Tesla has substantial influence on the automotive industry, and that’s pretty remarkable for a business that’s only been making cars for 12 years. The company has not only shown that cars can be driven by batteries and still be cool, but other, more subtle aspects are changing. For starters, cars don’t need buttons and knobs for every function. Other car companies are embracing streamlined designs, simply because Tesla has shown that they are just as successful, if not more, as all those irritating buttons that used to dominate car interiors.
In addition to those subtle details, the overall market penetration of the EV sector can essentially be attributed to the mass appeal of Tesla. Tesla has a great “brand,” though Elon Musk has always said that branding is stupid. For once, people believed that EVs were these moaning cars that could only go 80 miles before you had to plug it in again. Tesla, however, is different. Tesla has a mystique about it, a certain attraction to the brand. People look at Teslas for $35,000 the same way they do Lamborghini for $200,000.
But the fact that car companies that have been around for over 100 years are chasing after a 12-year-old car company run by a guy who likes video games, goofy jokes, and is more engaging with followers than any other CEO on the planet is what could be more amazing about Tesla than its appeal to customers.
The fact of the matter is, Tesla changed the game. Although they may not have invented the first electric vehicle, the concept was made better by them. While they might not be the first company to produce a semi-autonomous vehicle, they have improved the concept. And although the first battery that ever went into an EV might not have been designed, they made the concept better.
Everybody is hopping on board now. Do you think that, if Tesla never existed, Volkswagen, GM, Ford, and others would be developing EV tech?
Reviews and examples of the Full Self-Driving Beta have flooded Tesla news this week. It’s been out for about a week and a half, and in a number of settings and environments we’ve seen the self-driving function.
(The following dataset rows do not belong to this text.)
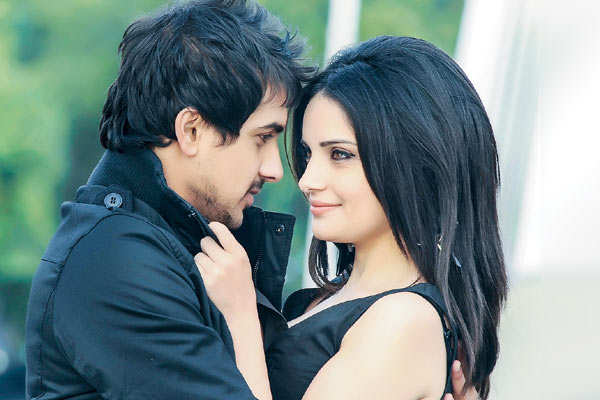 Huff! It's Too Much: A candyfloss romance with a real touch | Hindi Movie  News - Times of India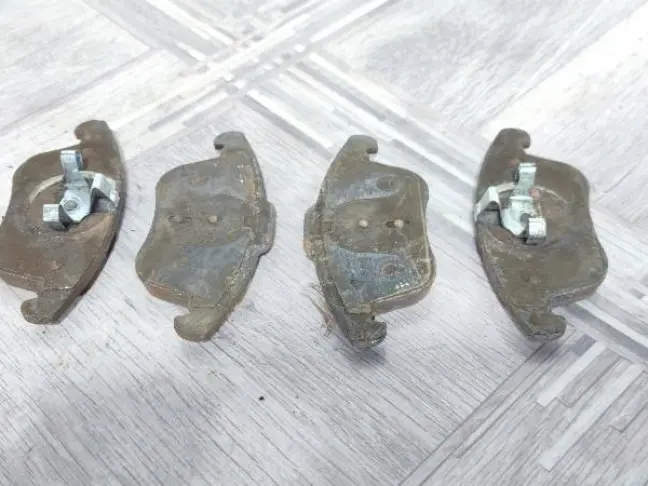 Колодки передние Land Rover Evoque I L538 2.2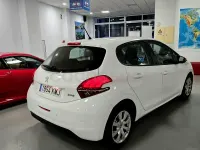 Usado Peugeot 208 Active 75 CV (55 kW) 2018 Blanco Utilitario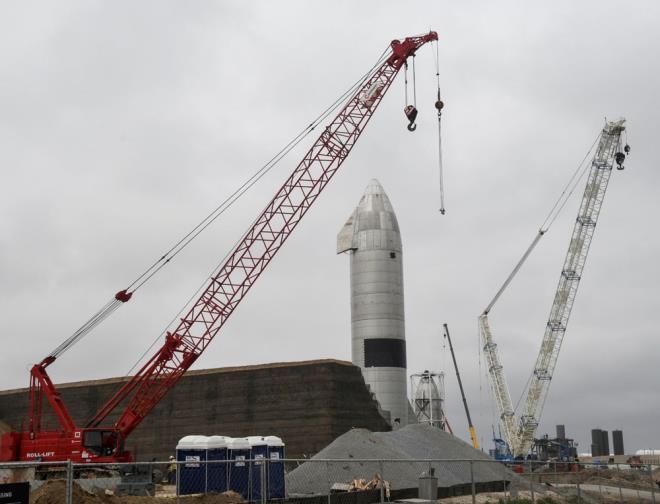 BEZOS'A 42 MLYAR DOLAR FARK ATTI  Bloomberg milyarderler endeksinin son verilerine gre Musk?n 241 milyar dolarlk serveti olduu tahmin ediliyor, bu da onu Bezos?tan 42 milyar dolar daha zengin hale getiriyor.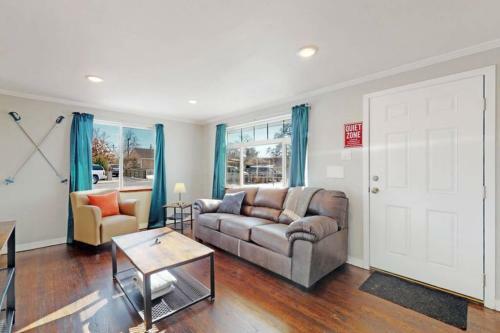 Denver?s Mile High Mountain 2 Bedroom With King Beds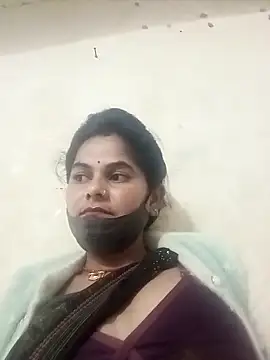 Snapshot of JULEE-740 chatting on December 2025 12:15:02 PM JULEE-740 online show from December 2025 12:15:02 PM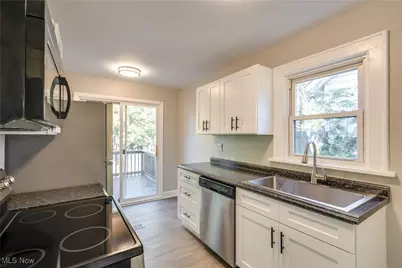 404 Newell Avenue, Akron, OH 44305 - Photo 2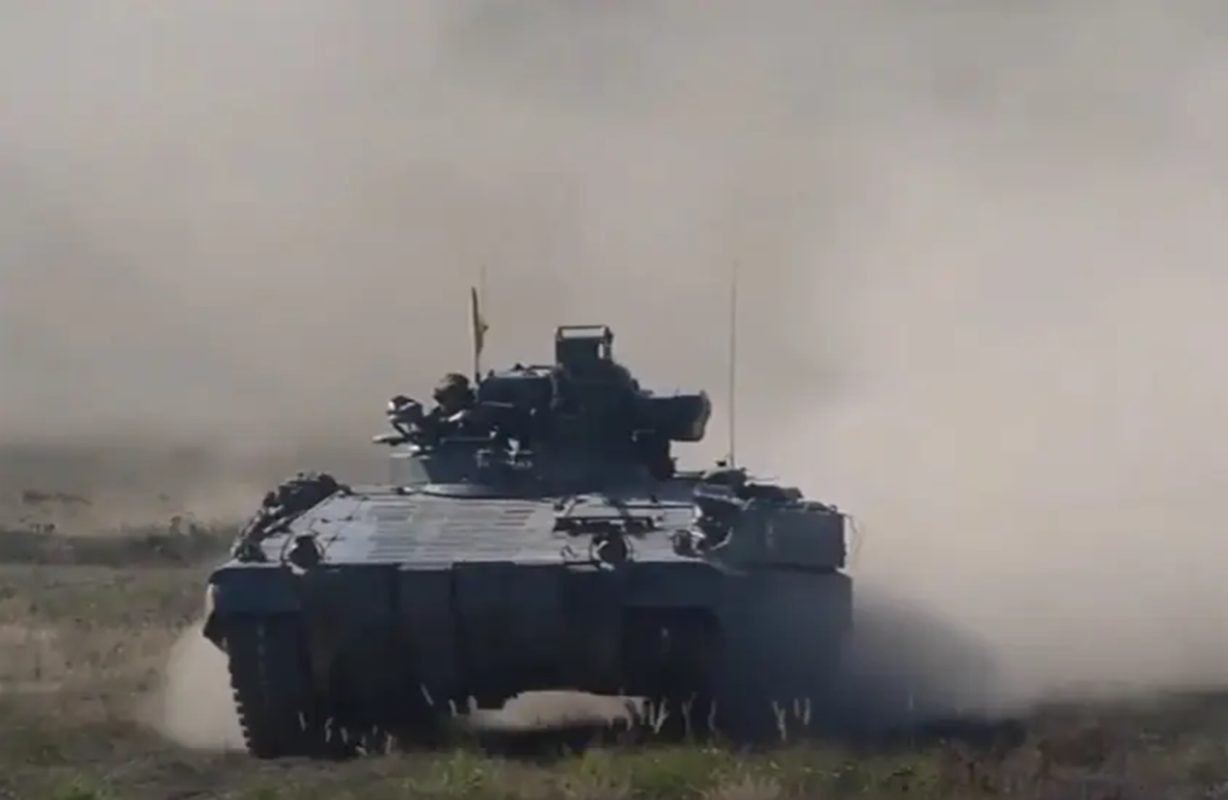 Doi mat don giang kep, Ukraine dung truoc nguy co “vua chien vua thu“-Hinh-3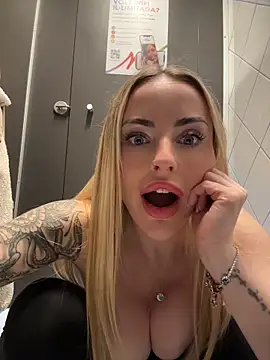 EmaSalis' Live XXX Chat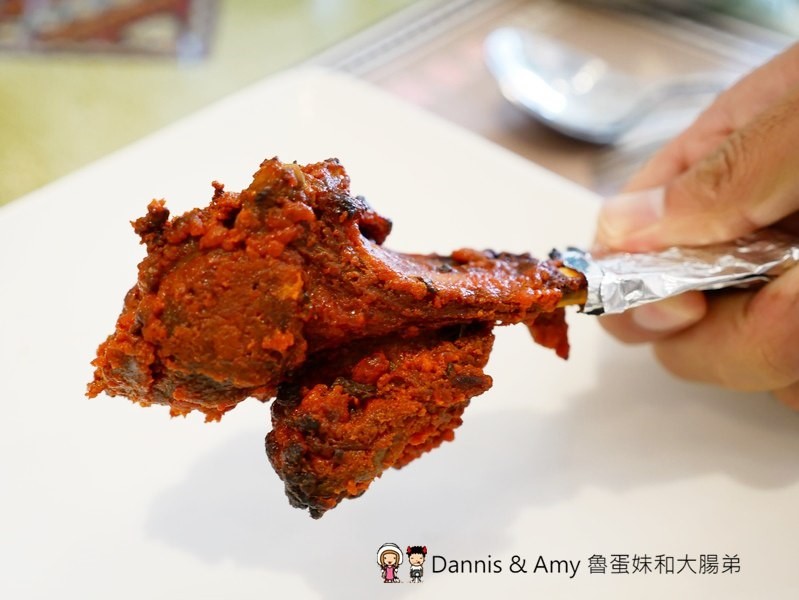 《台中異國美食》Chillies淇里思印度餐廳-台中朝富店。必點特色烤餅x各式風味咖哩︳菜單價格。推薦菜色（影片）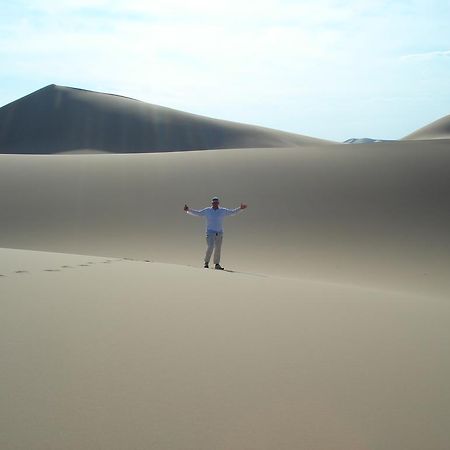 Golden Gobi Hostel & Tours Уланбатар Екстериор снимка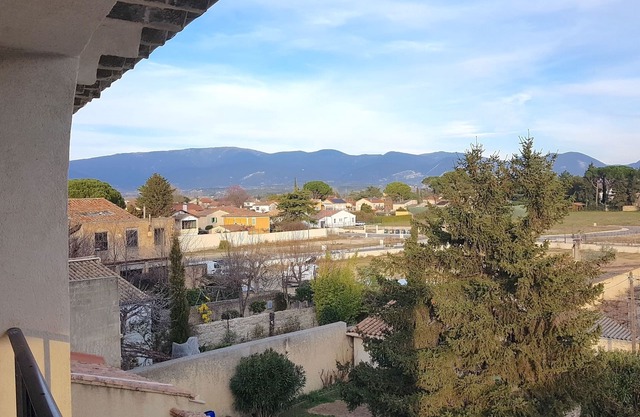 Provence: Crossing city apartment, quiet, very bright, terrace. 2 stars.
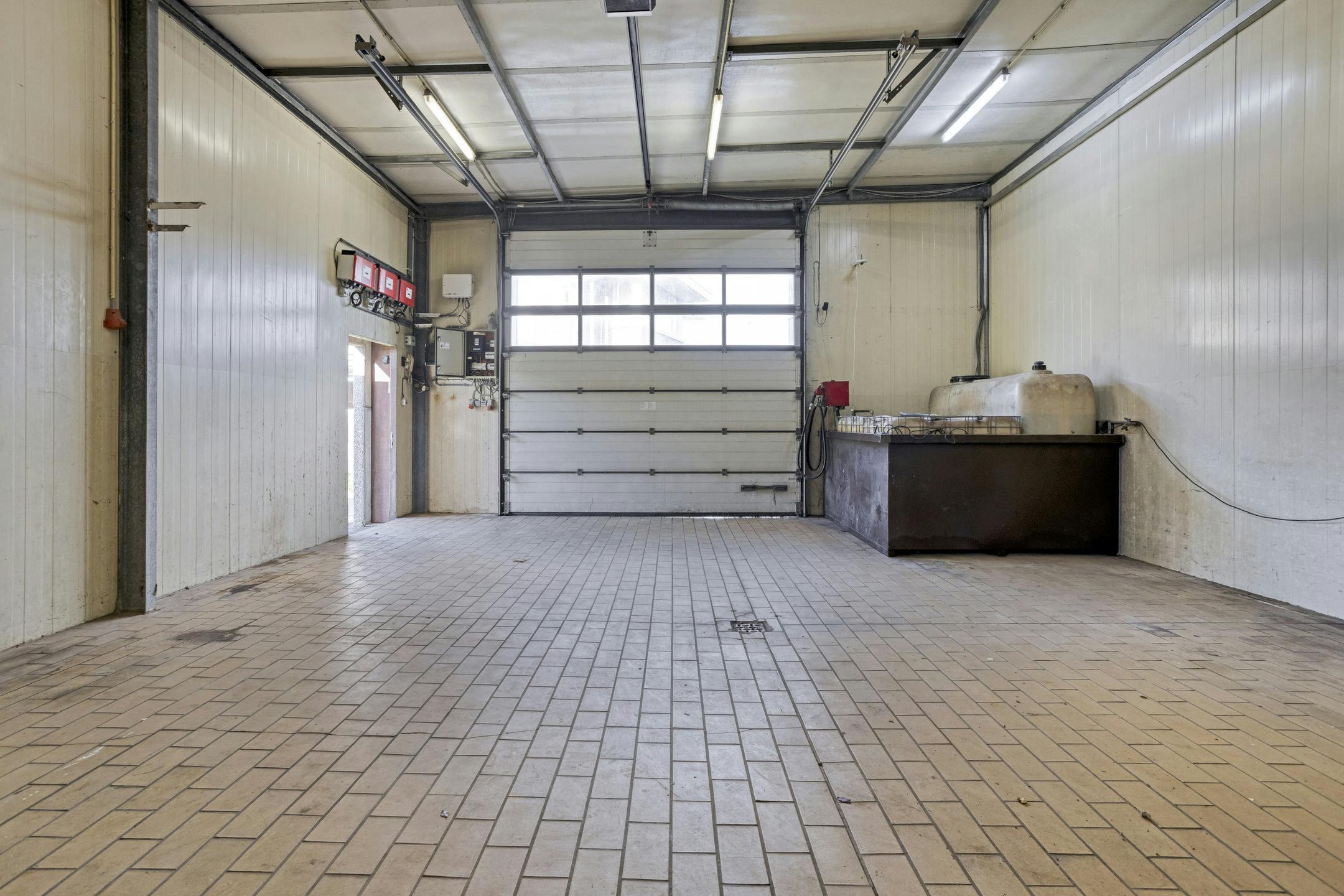 Ruime woning met loods op 2.127m² te Lo-Reninge. foto 9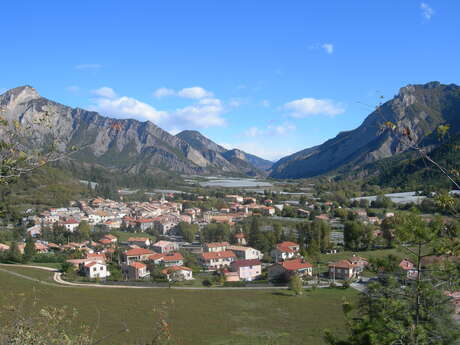 Village de La Motte-du-Caire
We all know this is a rough draft of what will be published to more owners in a few months, and we know there will be critiques and criticisms about what should have been done better by Tesla.
Consumer Reports is saying that Tesla Autopilot is a “distant-second” to GM’s Super Cruise. The Tesla community has come to believe that mainstream newspapers and journalism outlets will side with other firms.
Interestingly, before Tesla’s FSD Beta was released, Super Cruise wasn’t widely talked about by media outlets. Now, it is important to consider the fact that GM has this all-capable Super Cruise, which is so much better than Autopilot. If that was the case, why didn’t anyone ever discuss Super Cruise before then?
Batteries are another example of Tesla “leading the herd” and directing other car manufacturers. All outside the community was skeptical when Tesla began talking about a million-mile battery a few months ago. Telling friends and family about their inventions was like trying to persuade them that Santa Claus is real. They just didn’t buy it.
GM then claimed that they were closer than ever before to a million-mile battery. Have they outlined their plan? Have they said where they’ve been sourcing material from? No. They just said, “We have a battery. It’s better than Tesla’s.” That’s it, and everyone outside the community bought it.
What does Tesla do? They hold an event devoted to batteries and cell development. It was something to admire to show the latest 4680 cells, to break down how it would be better yet more affordable, and how it would be on par with gas car costs. However, people still didn’t believe it after seeing the cell, how they were building it, and explaining that it was already being produced right down the street from Fremont.
GM was all talk, and it was believable. Tesla showed it, and it was unbelievable.
Before ever admitting that what Tesla is doing is revolutionary in any sense of the word, the media will go for what is common and side with the proven and long-lasting carmakers. With FSD, we see that, with Super Cruise, Tesla is head and shoulders above GM. However, GM continues to offer credit to these MSM sources, saying that Super Cruise is better than Autopilot, and it is comparable.
I know this is probably due to money, it usually is. But the truth is that Tesla has made all of these topics important, and the business just doesn’t get any credit. Tesla has made EVs important, but even if their technology doesn’t even exist yet, other car companies are getting the hype. Tesla has made the creation of battery cells important, but other businesses get the credit and attention, even if they don’t have an EV in production. Tesla turned self-driving vehicles into a possibility.
The truth is that legacy car manufacturers are becoming important to the name of Tesla because they adopt whatever Tesla does. If Tesla did not exist, none of these car companies would have changed their strategies. This is all evidence that Tesla is the planet’s most powerful auto maker, and everyone is chasing them.
It is more than just customers who have an impact. It is about an industry as a whole, which, according to a former GM executive, is now being dominated by a corporation that was “graveyard bound.” Now, GM is chasing after the little man, along with the rest of the automotive world.